After what feels like an eternity of uncertainty and indecision Hubby has accepted the job in cottage country and we are going to move our family to the cottage we’ve been building over the past few years. It’s another big move for us, and I couldn’t be more excited!!
In some ways this will be a really big move. It will be a pretty significant lifestyle change; it’s rural living where our cottage is (see previous post Cottage Crashers…No More) with no other year round or winter cottagers on our road. It’s about a 10 minute drive (in summer conditions) to town in Westport which is one of Ontario’s smallest municipalities with a population of only 700 people! In other ways though it’s a very comfortable move. We’ve been ‘crashing’ at the cottages of friends and family in the area for over 7 years so we are familiar with the basics like where the grocery store (and LCBO!) are. Plus, it’s only a 1 hour drive from Ottawa which we just moved away from 3 years ago. So all of our friends (the family you choose :) are only a short drive away. There’s a small part of me that has a fear of my life turning into a bad scene from The Shining…think Jack Nicholson “All work and no play makes Jack a dull boy!” Haha!

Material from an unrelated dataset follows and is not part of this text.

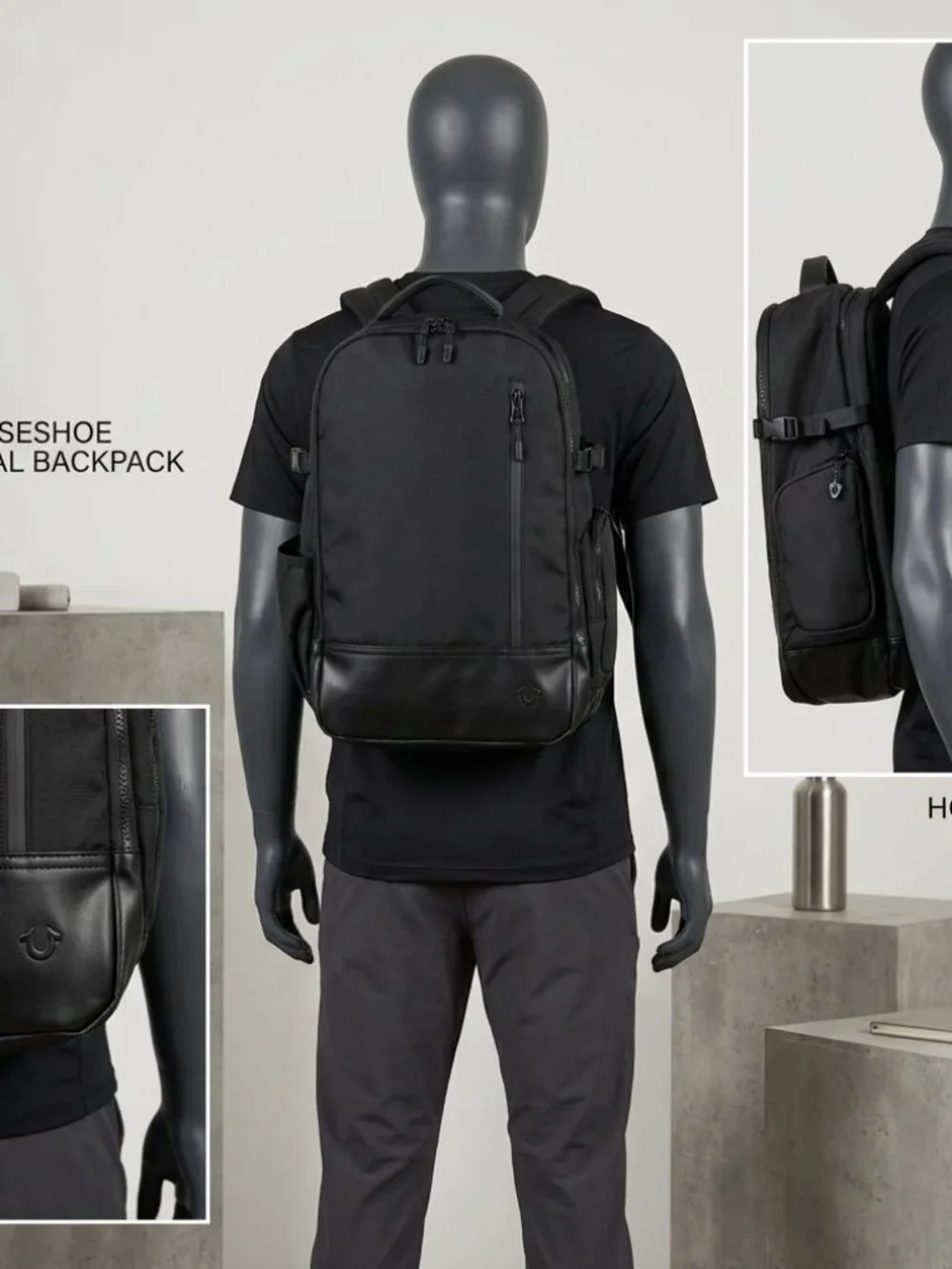 TRUE RELIGION Commuter BACKPACK Hemi Style BLACK Brand New with Tags TR105025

No, really though, I think that this will be a great move for us. I have these romantic ideals about finally enjoying, and actually living in this project that we’ve put so much into, about the boys sharing a bedroom, about 24/7/365 cottage living, and about this somehow being a really special bonding time for our family. I hope all of these things come together like they do in my mind and I hope that living at the cottage doesn’t take away that thing, that feeling of being at the cottage that we love so much and that started us down this journey in the first place.